United States District Court, N.D. Oklahoma
OPINION AND ORDER
V. EAGAN, UNITED STATES DISTRICT JUDGE
27, 2016, defendant Ramsey Nathaniel Hogan filed a motion to
vacate, set aside, or correct sentence pursuant to 28 U.S.C.
§ 2255 (Dkt. # 42). Section 2255 provides that
“[a] prisoner in custody under sentence of a court
established by Act of Congress claiming the right to be
released upon the ground that the sentence was imposed in
violation of the Constitution or laws of the United States .

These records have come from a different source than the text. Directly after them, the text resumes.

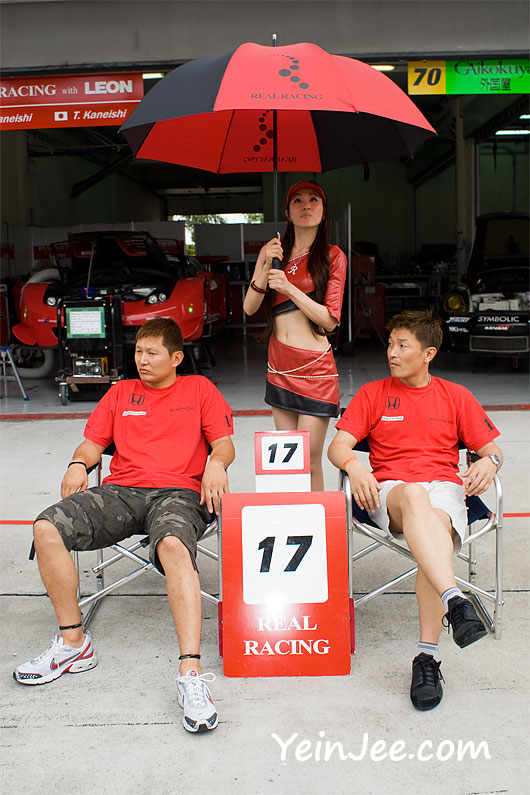 Japanese racers Toshihiro Kaneishi, Katsutomo Kaneishi and race queen Reiko Miyashita at Super GT Malaysia 2008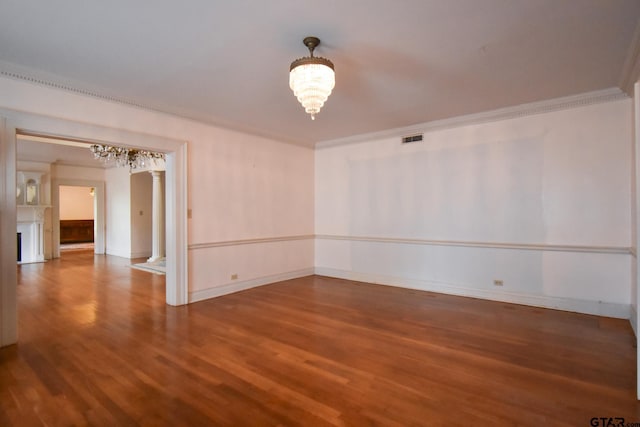 510 E Longview St, Arp, TX 75750 - empty room featuring a chandelier, wood finished floors, ornamental molding, and baseboards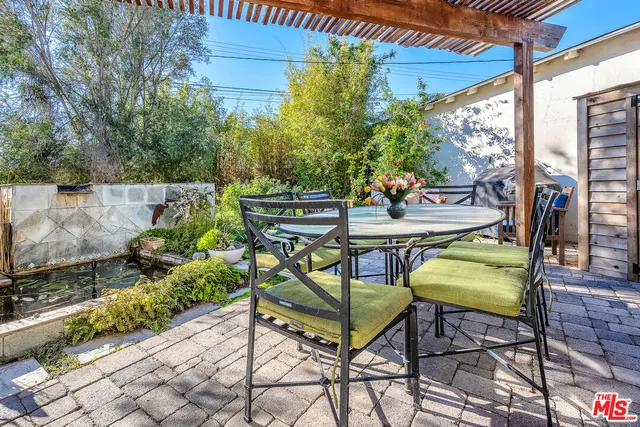 a view of a chairs and table in the backyard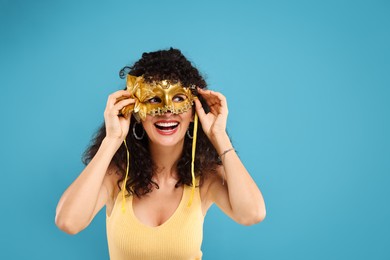 Happy young woman with carnival mask on light blue background, space for text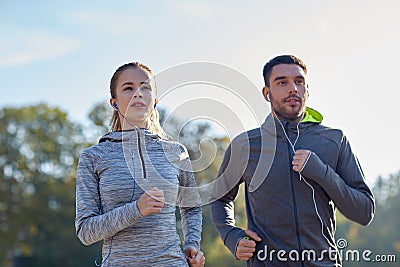 Happy couple with earphones running outdoors Stock Photo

. . may move the court which imposed the sentence to vacate,
set aside or correct the sentence.”
November 22, 2004, a magistrate judge signed a complaint
charging defendant with interference with commerce by threats
or violence in violation of 18 U.S.C § 1951, also known
as the Hobbs Act, and brandishing, using, and carrying a
firearm during and in relation to a crime of violence in
violation 18 U.S.C. § 924(c). Dkt. # 1. A grand jury
subsequently returned an indictment charging defendant with
seven count of Hobbs Act robbery (counts one, three, five,
seven, nine, ten, and twelve), six counts of possessing a
firearm during and in relation to a crime of violence (counts
two, four, six, eight, eleven, and thirteen), and one count
of being a felon in possession of a firearm (count fourteen).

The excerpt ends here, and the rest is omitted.